0084_rectangle.py

# 思路：针对每一个bar，x，找到左边第一个比它小的bar，以及右边第一个比它小的bar，在这个范围内找到最大的矩形
# 这里的tricky之处在于，不是顺序找x，而是从左到右建立一个递增的数组知道发现接下来准备进入这个数组的数r会破坏队形。
# 那么这个n就是当前最右的边界，数组中最后一个数就是当前要找的x，而它的左边界当然就是它左边第一个了（因为数组是增长的）。
# 接下来！！！如果x左边那个bar依然比n大怎么办？继续把它干掉，它的右边界依然是n，左边界是它左手边的那个。需要储存index来知道它和n之间的距离。
# 如此重复，直到整个数组在把n放进来之后依然是递增的。那么前面那些的那些还没消去怎么办呢？
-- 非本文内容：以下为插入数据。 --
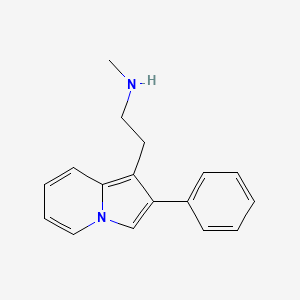 molecular formula C17H18N2 B15483058 Indolizine, 1-(2-(methylamino)ethyl)-2-phenyl- CAS No. 13452-61-4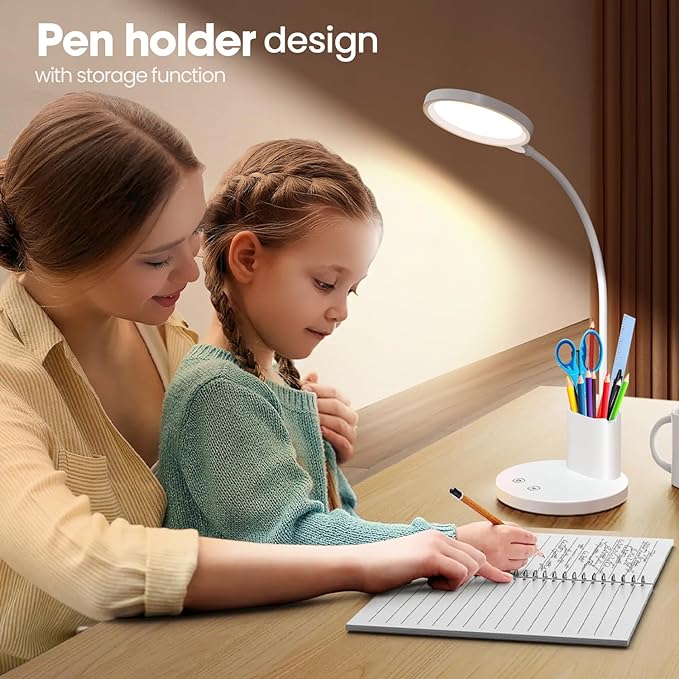 Desk Lamps for Home Office with Pen Holder/Organizer,6 Color Modes,Stepless Dimming,Study Desk Lamp for Kids,LED Desk Light Gooseneck Eye-Caring Lamp with Phone Stand/Storage,College Dorm Essentials - LeafyLoom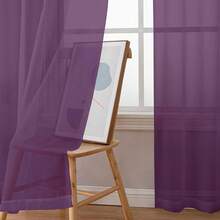 OWENIE Plum Sheer Curtains, Sheer Curtains 84 Inches Long 2 Panels Set, Rod Pocket Voile Fimly Sheer Drapes For Living Room Bedroom, 2pcs, Plum, Each 42\ W X 84\ L,42inchWx84inchL(Packof2),Plum - Plum - 查看 4
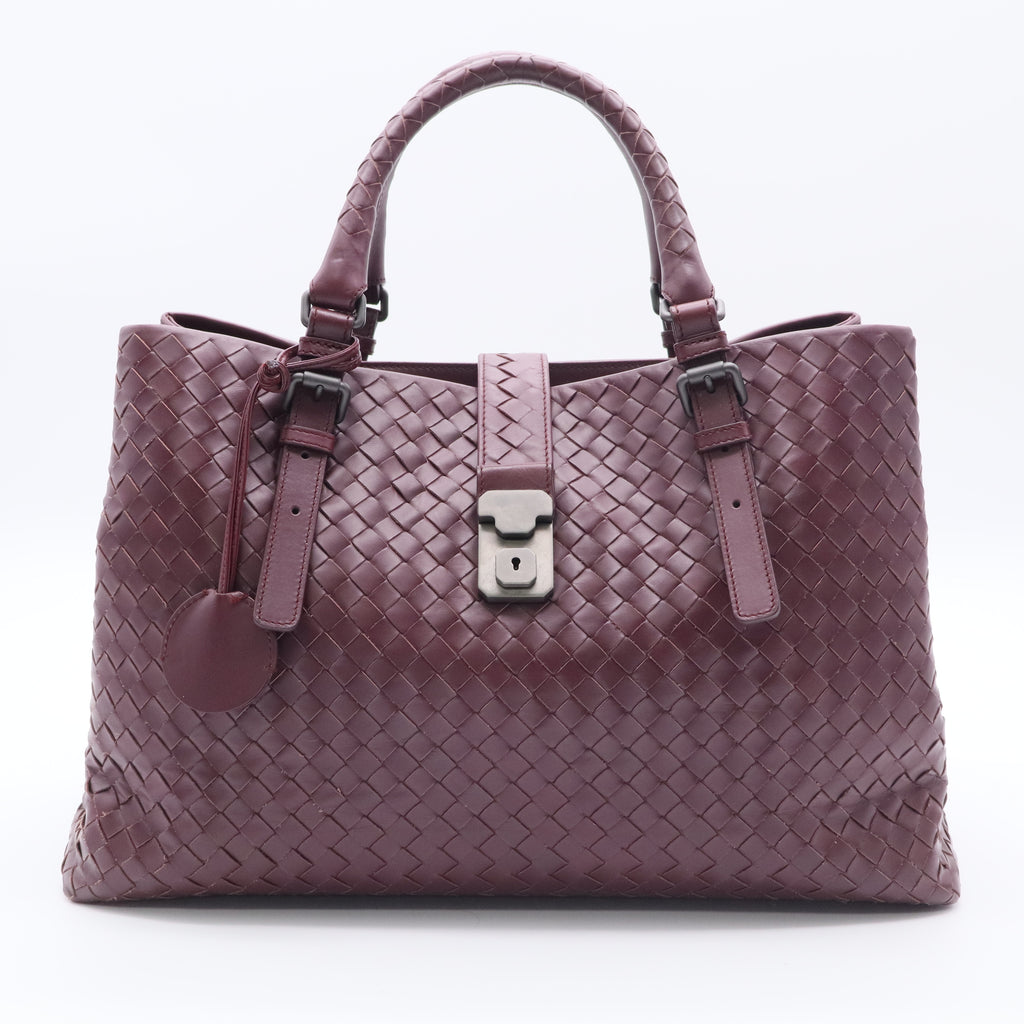 Dark Red Intrecciato Woven Calfskin Leather  Roma Tote Bag twins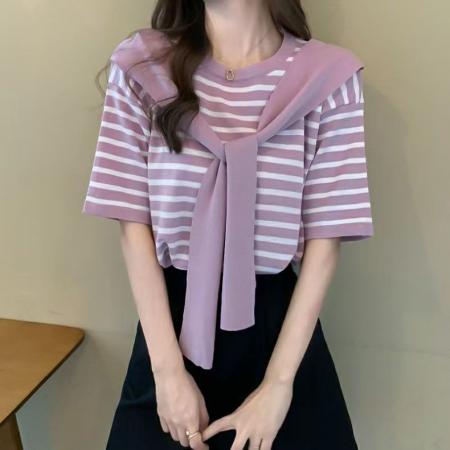 BY14474# 披肩条纹短袖针织衫女夏季新款韩版宽松冰丝t恤百搭薄款上衣服裝批發女裝批發服飾貨源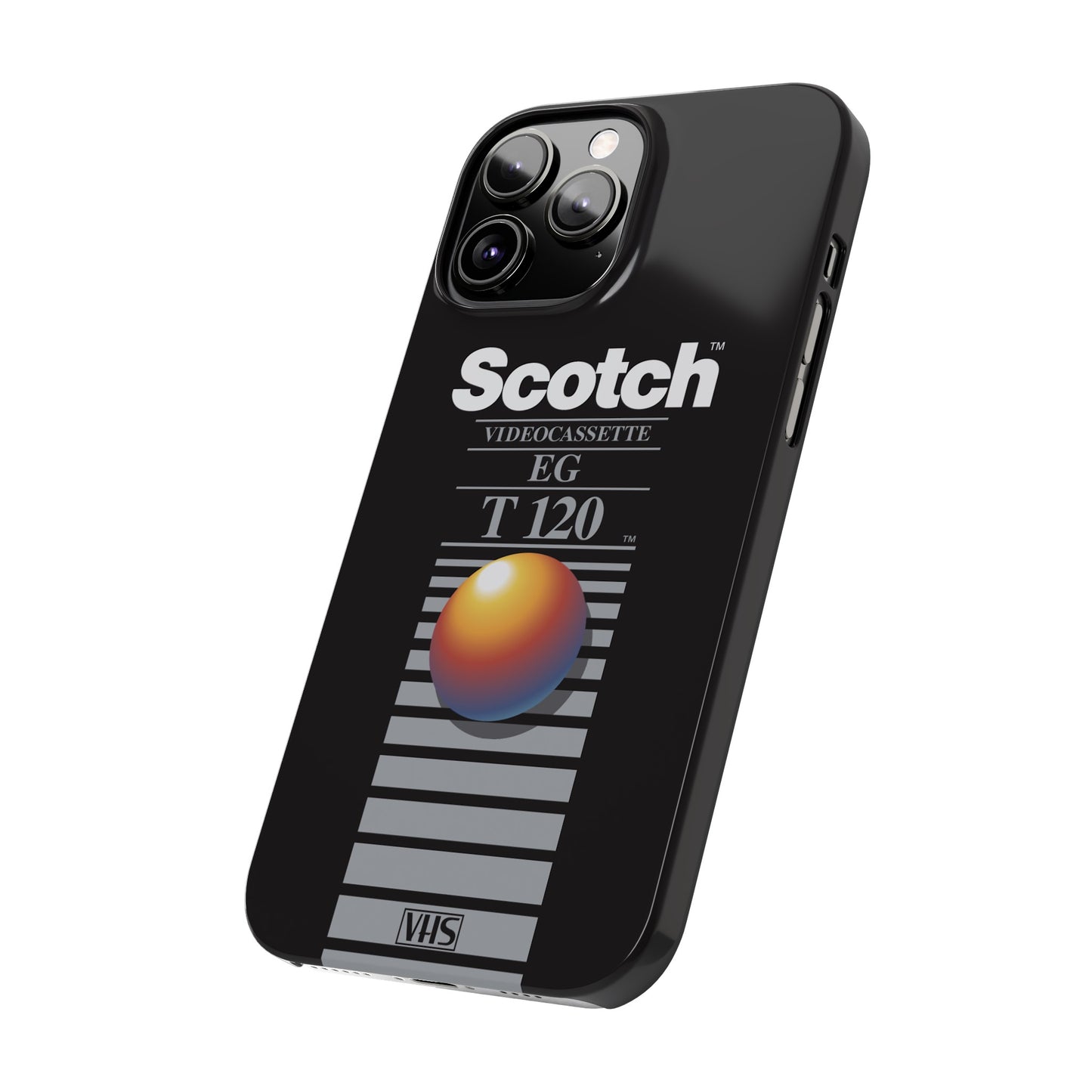VHS Visions - retro Scotch EG T120 VHS tape inspired slim iPhone cases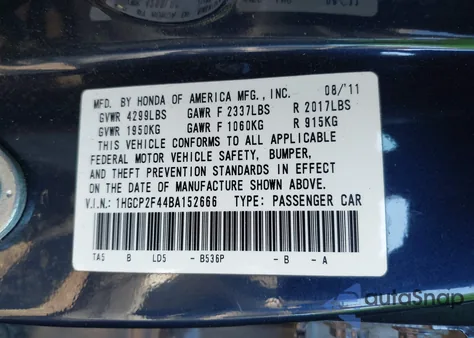 2011 Honda Accord 2.4 Lx-P from USA, damaged, VIN 1HGCP2F44BA152666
没关系，总会轮到它们的。
# 只能说这种遍历方式太牛逼了。

# Using my own stack impl.:
# Runtime: 2491 ms, faster than 5.05% of Python online submissions for Largest Rectangle in Histogram.
# Memory Usage: 33.8 MB, less than 12.35% of Python online submissions for Largest Rectangle in Histogram.

# Using deque:
# Runtime: 931 ms, faster than 71.48% of Python online submissions for Largest Rectangle in Histogram.
# Memory Usage: 33.4 MB, less than 12.56% of Python online submissions for Largest Rectangle in Histogram.


"""
class Stack:
    def __init__(self):
        self.stack = []
        self.idx = -1

    def index(self):
        return self.idx
    
    # not very efficient I'm afraid
    def append(self, a):
        if self.idx >= len(self.stack) - 1:
            self.stack.append(a)
        elif self.idx < 0: 
            assert self.idx == -1
            self.stack = [a]
        else:
            self.stack[self.idx + 1] = a
        self.idx += 1

    def pop(self):
        assert self.idx >= 0
        self.idx -= 1
        return self.stack[self.idx + 1]

    def get(self):
        return self.stack[:self.idx + 1]
"""

from collections import deque

def largestRectangleArea(heights):
    """
    :type heights: List[int]
    :rtype: int
    """
    n = len(heights)
    if n == 1 : return heights[0]
    # each element in stack: (height, index)
    heights = [0] + heights + [0] 
    # sentinel to make sure the stack is clean at the end 
    # and the while-loop is not empty

    s = deque() 
    #s = Stack()
    max_area = 0

    s.append((heights[0], 0))
    for i, h in enumerate(heights[1:]): # the right boundary
        i += 1 # since we are iterating from the second element
        tail = s.pop() 
        # non-strict increase stack 
        while tail[0] > h:
            # since we are finding matrix that uses `tail' as lowest bar 
            left = s.pop()
            w = i - left[1] - 1 #right boundary - left boundary; w >= 0 
            area = w * tail[0]
            #print(tail[0], h, i, left[1], area)
            if area > max_area : max_area = area
            tail = left
        s.append(tail)
        s.append((h, i))

    return max_area


input0 = [1,1]
print(largestRectangleArea(input0)) #2

input1 = [2,1,5,6,2,3]
print(largestRectangleArea(input1)) #10

input2 = [2,4]
print(largestRectangleArea(input2)) #4

input3 = [2,1,0,5,6,2,3]
print(largestRectangleArea(input3)) #10

input4 = [6,2,5,4,5,1,6]
print(largestRectangleArea(input4)) #12